Dans le moment présent au Gabon, aucun clivage politique ne l’emporte sur les autres, au point de rendre impossible l’apparition d’une nouvelle bipolarisation. Si la disparition d’un clivage politique dominant déstructure le paysage politique, en revanche un clivage social apparaît de plus en plus profond.
Pour rappel, le terme « clivage » est utilisé pour évoquer les lignes de partage les plus fortes au sein des sociétés politiques renvoyant à des systèmes d’opinions, d’attitudes et de valeurs. Ces systèmes de représentation associent des composantes cognitives, évaluatives mais également affectives. Le contenu de ces ensembles structurés d’attitudes n’est évidemment ni monolithique ni immuable. Car, les partis politiques constituent des facteurs d’entretien des divisions, mais également des forces d’intégration en permettant l’institutionnalisation des oppositions.

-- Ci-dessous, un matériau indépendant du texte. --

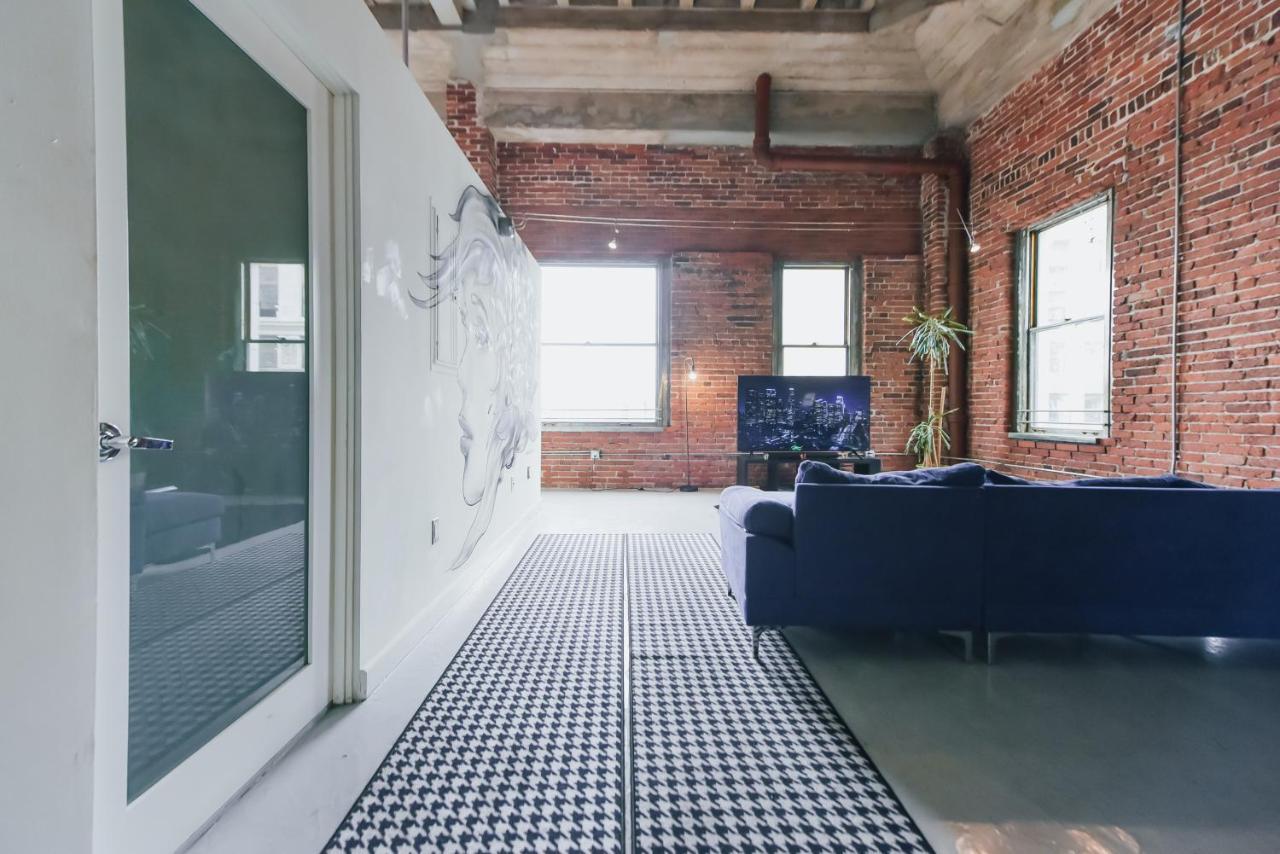 Downtown La 2 Story Artist Loft With Views * Los Angeles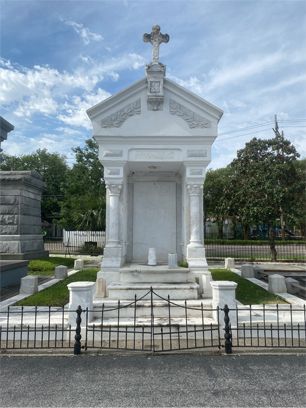 burial crypt of Tom Benson in Lake Lawn Metairie Cemetery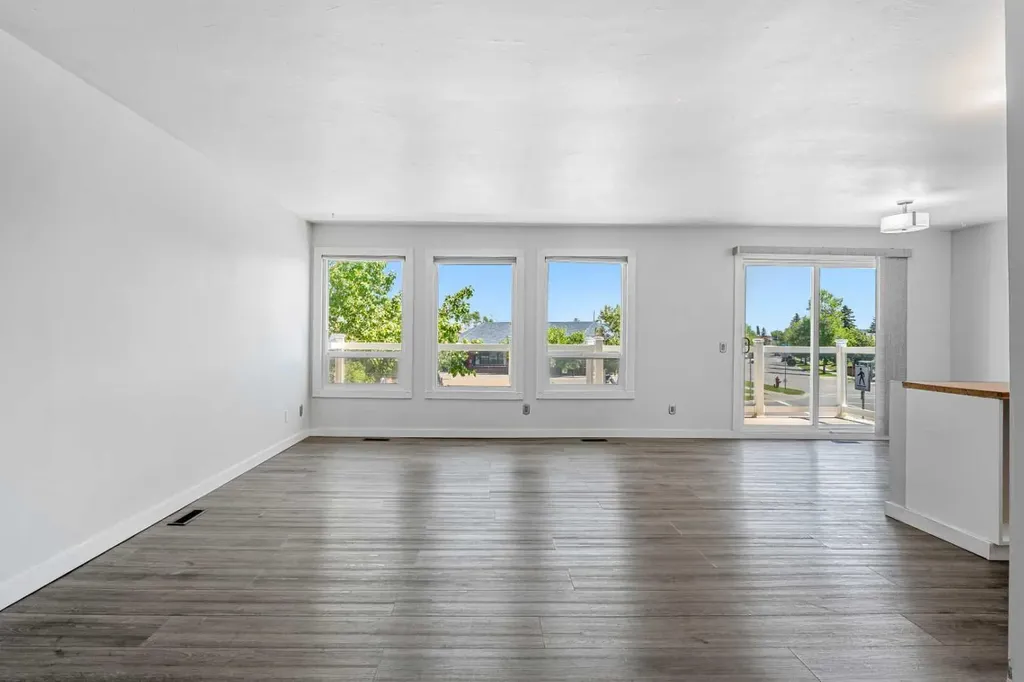 6824 Temple Drive NE Calgary AB T1Y 4X8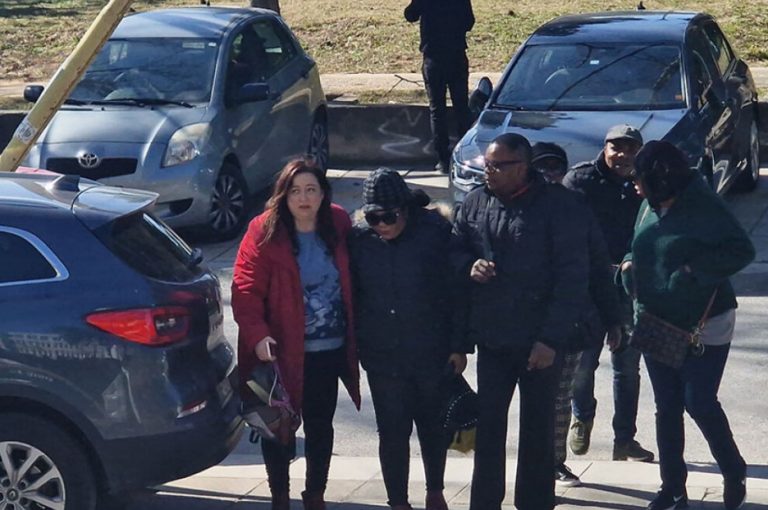 Θεσσαλονίκη: Υποβασταζόμενη η μητέρα παρέλαβε τη σορό της 2,5 ετών κόρης της που ξεψύχησε σε βρεφοκομείο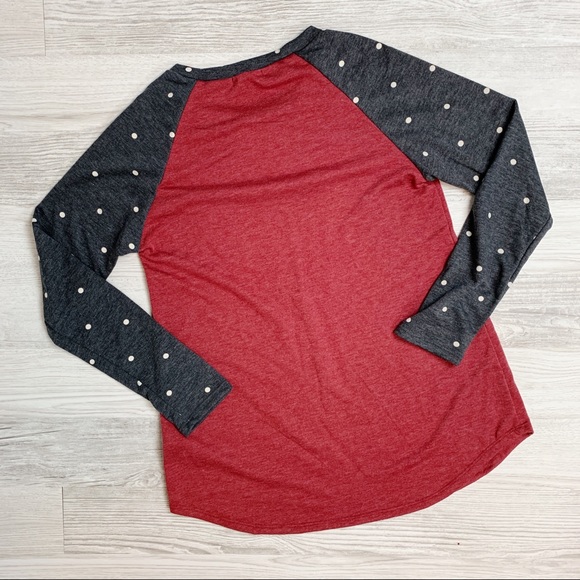 Viamor Long Sleeve Raglan Tee - Picture 2 of 3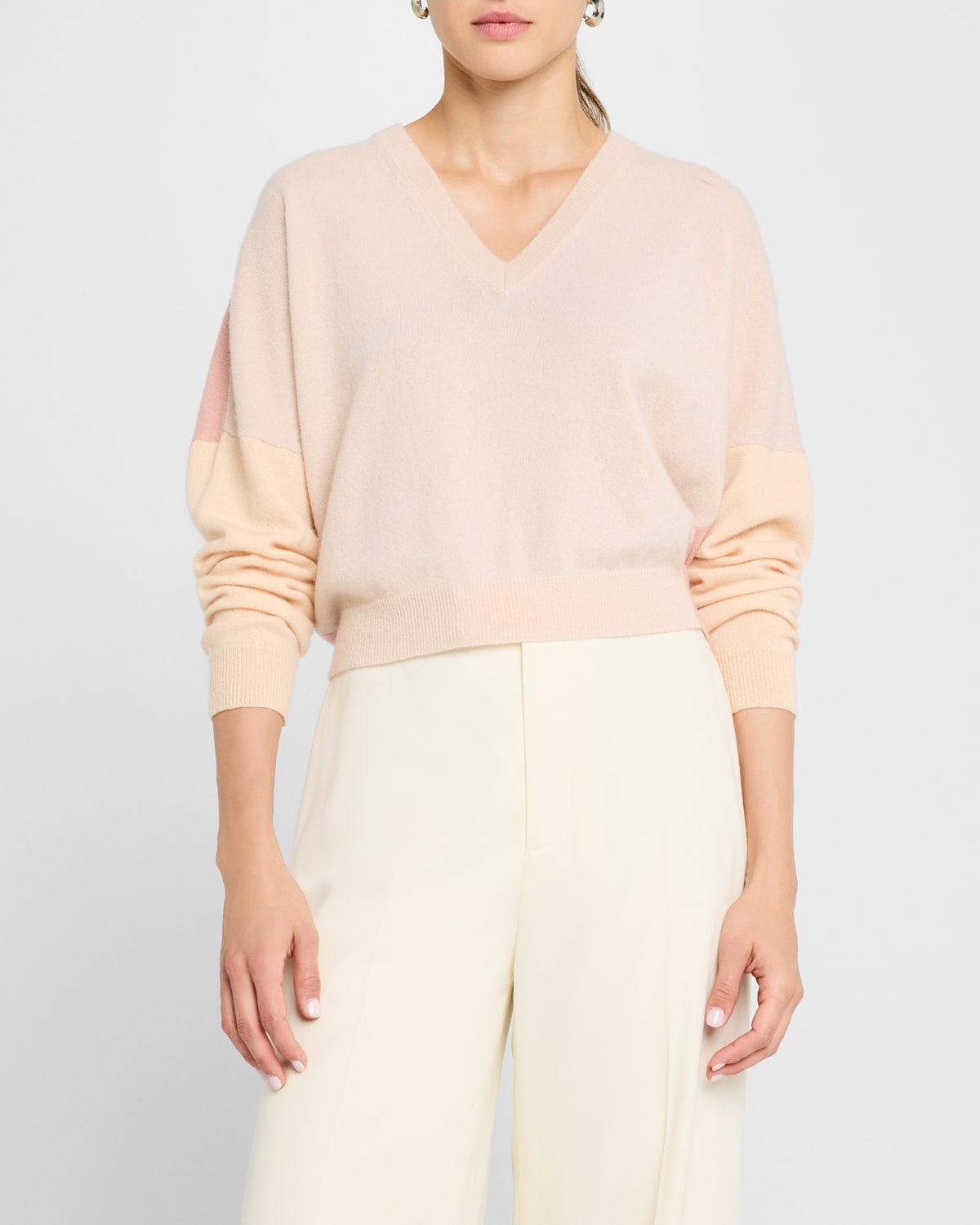 V-Neck Colorblock Wool-Cashmere Crop Sweater - 4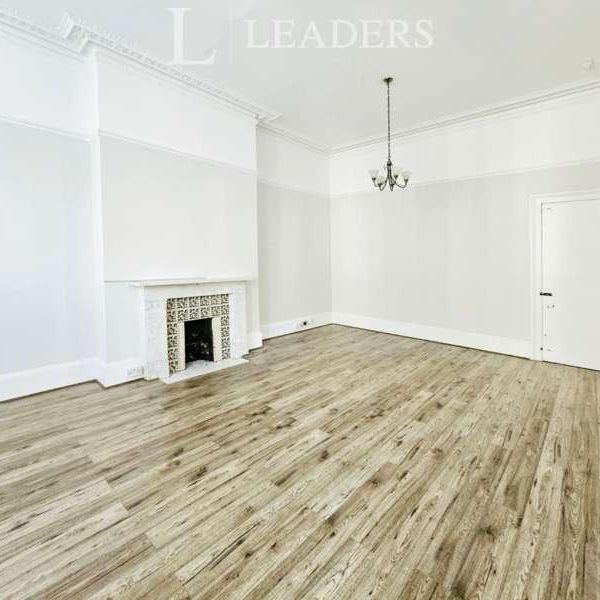 Second Avenue, Hove, BN3 - Photo 1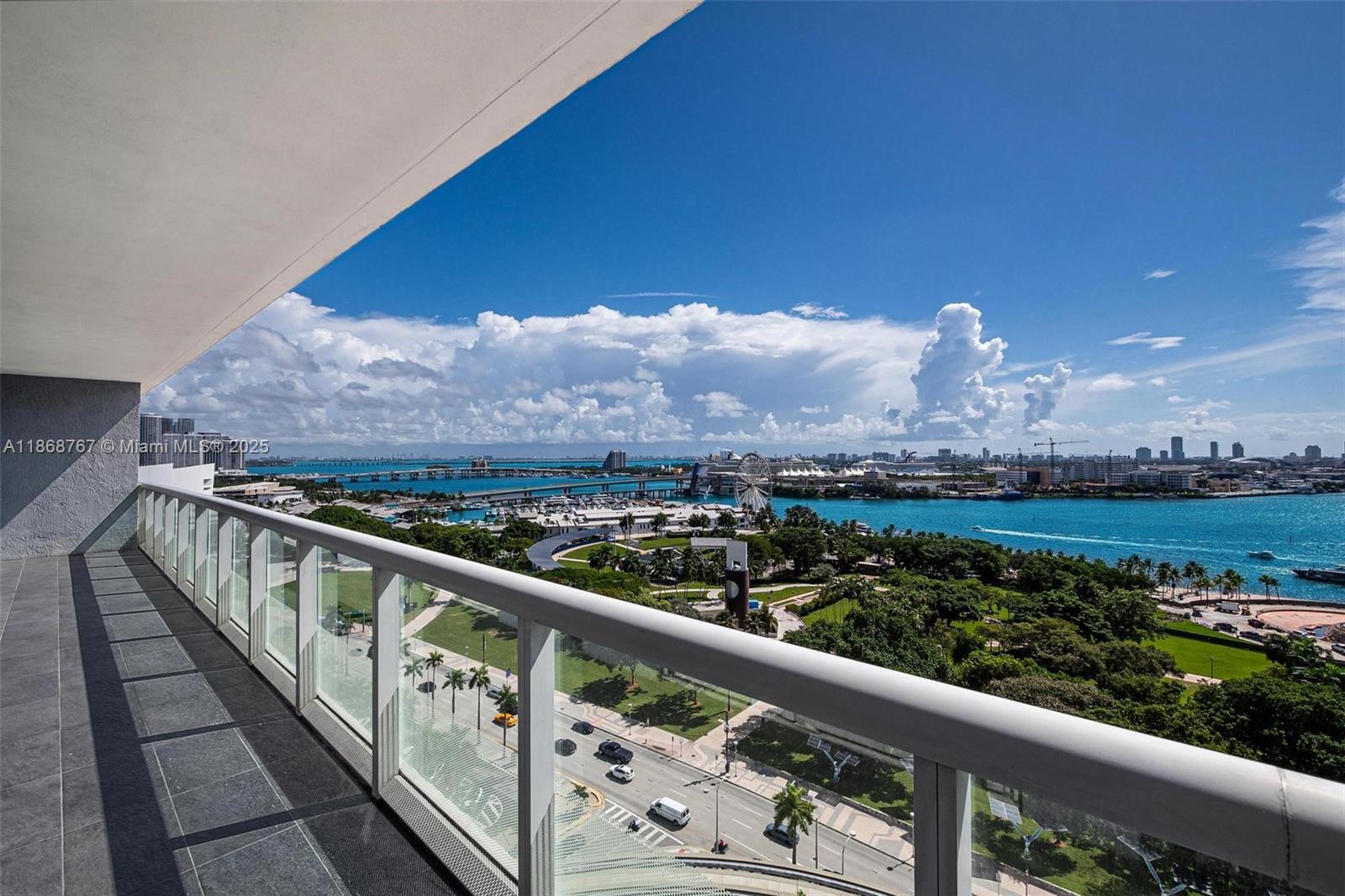 50 Biscayne Blvd # 1706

En effet, au Gabon, ce sont des partis politiques qui servent de marqueurs idéologiques dans l’univers des perceptions et des représentations des citoyens. L’histoire et les contraintes du jeu institutionnel (scrutin majoritaire) poussent à cette simplification de l’éventail des forces politiques. Les clivages partisans ne redoublent que partiellement. Les rapports de voisinage entre partis peuvent se révéler plus conflictuels dans leur ensemble.
Ainsi, un renouveau de la vie politique gabonaise passe par une refondation idéologique, mais il trouve son sens dernier dans la recomposition des groupes qui y concourent et l’animent. C’est encore plus vrai en temps de crise. Un clivage politique, surtout s’il est nouveau et prétend imposer de nouvelles perceptions, tend en effet à rassembler ce qui apparaissait dispersé et à l’inverse, à différencier ou dissocier ce qui apparaissait semblable ou proche.
Les Gabonais les mieux informés et les plus éduqués, comme ceux qui se situent aux extrêmes, continuent à souligner la pertinence du clivage politique. Mais pour la majorité ces notions semblent dépassées.
Cependant, si d’anciens thèmes d’affrontement sont bien en déclin, d’autres semblent prendre de l’importance. Sur les problèmes de société, qu’il s’agisse de la sexualité, de la famille, de la répression de la délinquance ou de l’immigration, le clivage gauche-droite tend à recouvrir une opposition entre les positions dites modernistes ou libérales et les positions dites traditionnelles ou rigoristes.
La période actuelle est marquée par le déclin de l’aptitude à l’identification aux pôles traditionnels de la vie politique. Reste à savoir si ce déclin se révélera irréversible, ou si une nouvelle conjoncture politique et une nouvelle synthèse idéologique viendront un jour redonner au clivage politique son lustre passé.
Le Gabon a donc besoin de changement mais il a aussi besoin d’ordre et de continuité. Le changement sans l’ordre est suicidaire, l’ordre sans le changement est mortifère.